Autorenseite

 << zurück weiter >> 

Anzeige. Gutenberg Edition 16. Alle Werke aus dem Projekt Gutenberg-DE. Mit zusätzlichen E-Books. Eine einmalige Bibliothek. +++ Information und Bestellung in unserem Shop +++

Einsamkeit

Das ist ein herrlicher Abend! Der ganze Körper ist nur ein Sinn und saugt Entzücken mit jeder Pore ein. Ich wandle mit gar seltsamer Freiheit in der Natur umher; ich bin ein Teil von ihr. Wenn ich am steinigen Teichufer in Hemdärmeln entlanggehe, obwohl es bewölkt und windig ist, und nichts, was meine Aufmerksamkeit besonders erregt, bemerke, dann fühle ich mich ungewöhnlich stark allen Elementen verwandt. Die Ochsenfrösche trompeten, um die Nacht anzukünden, und der Sang des Tagschläfers wird vom Wellengekräusel über das Wasser getragen. Es besteht ein solcher Einklang zwischen mir und jedem zitternden Erlen- oder Pappelblatt, daß ich kaum zu atmen vermag. Und doch ist mein tiefer Friede, wie der des Sees, nur gekräuselt, nicht gestört. Diese kleinen Wellen, die der Abendwind erweckt, sind so weit vom Sturm entfernt wie die glatte, spiegelnde Oberfläche des Wassers.
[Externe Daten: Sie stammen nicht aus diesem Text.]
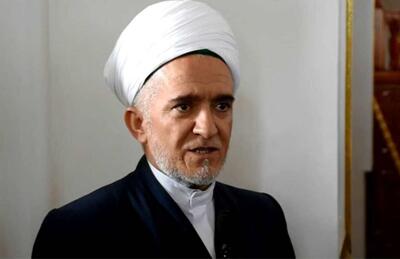  زیبایی یا گناه؟ مفتی تاجیکستان در مورد بوتاکس و تاتو هشدار داد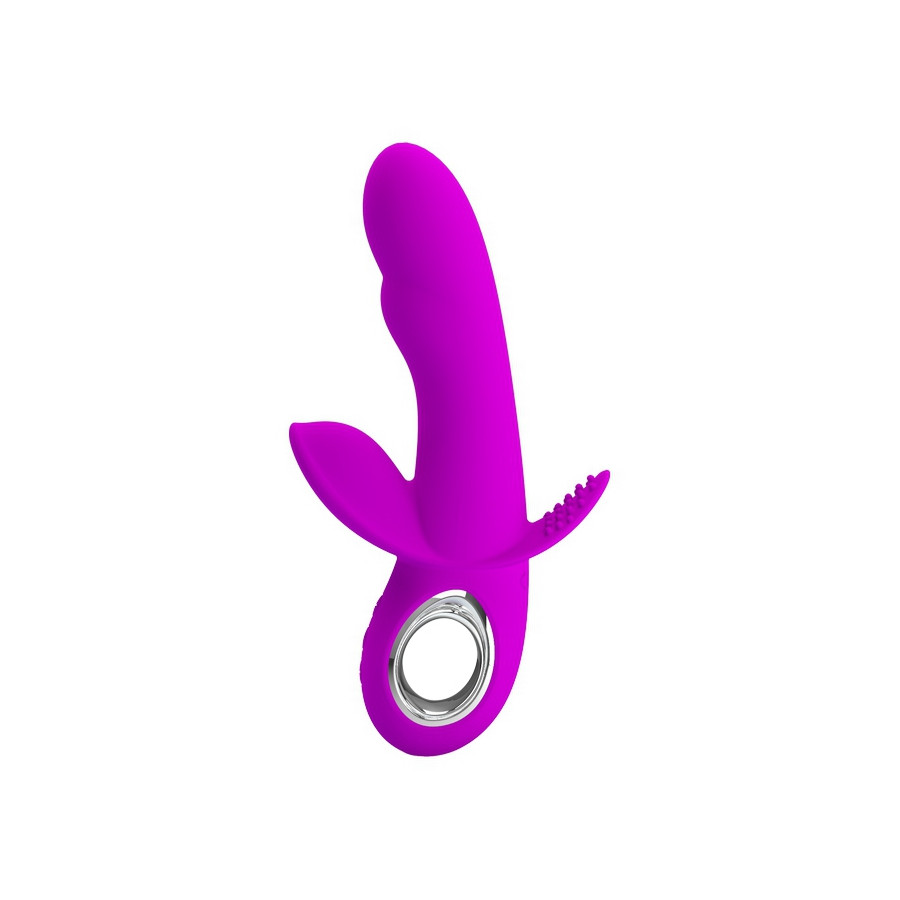 Vibro Rabbit Humphray 10 x 3 cm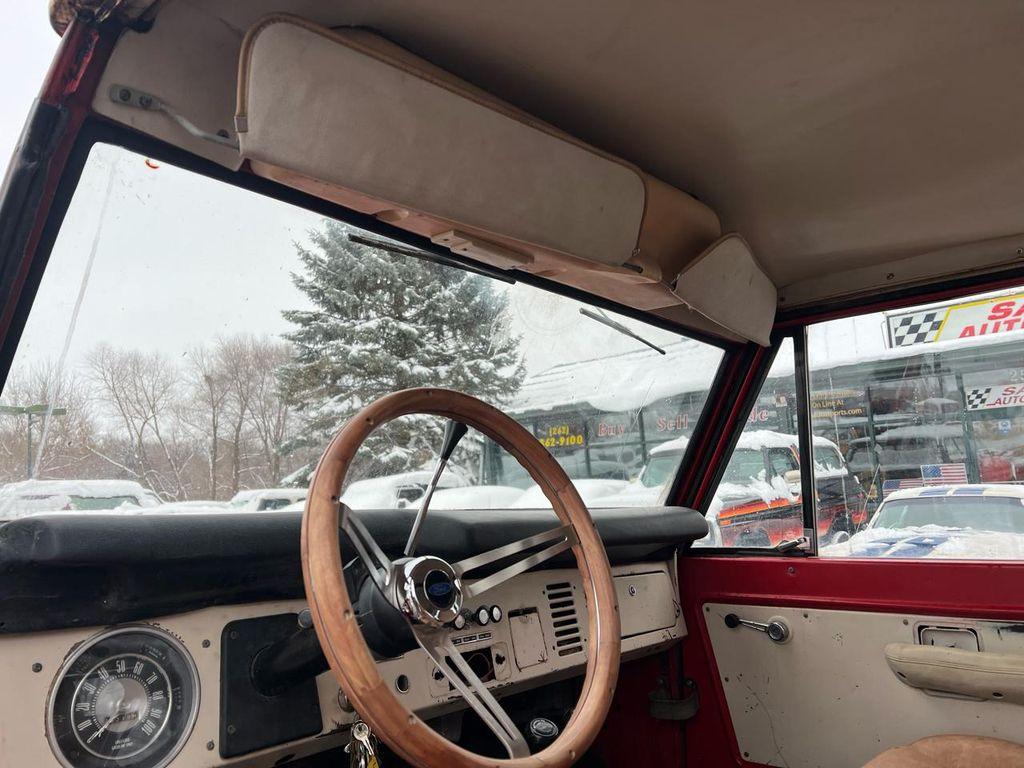 used 1977 Ford Bronco car, priced at $39,995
Jetzt ist es dunkel geworden, doch noch weht rauschend der Wind durch den Wald, noch plätschern die Wellen und ein Geschöpf singt das andere zur Ruh. Die Ruhe ist nie vollkommen. Die wilden Tiere rasten nicht, sondern suchen ihre Beute. Fuchs und Skunk Skunk, amerikanisches Stinktier, Viverra mephitis. und Kaninchen durchstreifen jetzt furchtlos Felder und Wälder. Sie sind die Nachtwächter der Natur – Bindeglieder, welche die Tage regen Lebens miteinander verbinden.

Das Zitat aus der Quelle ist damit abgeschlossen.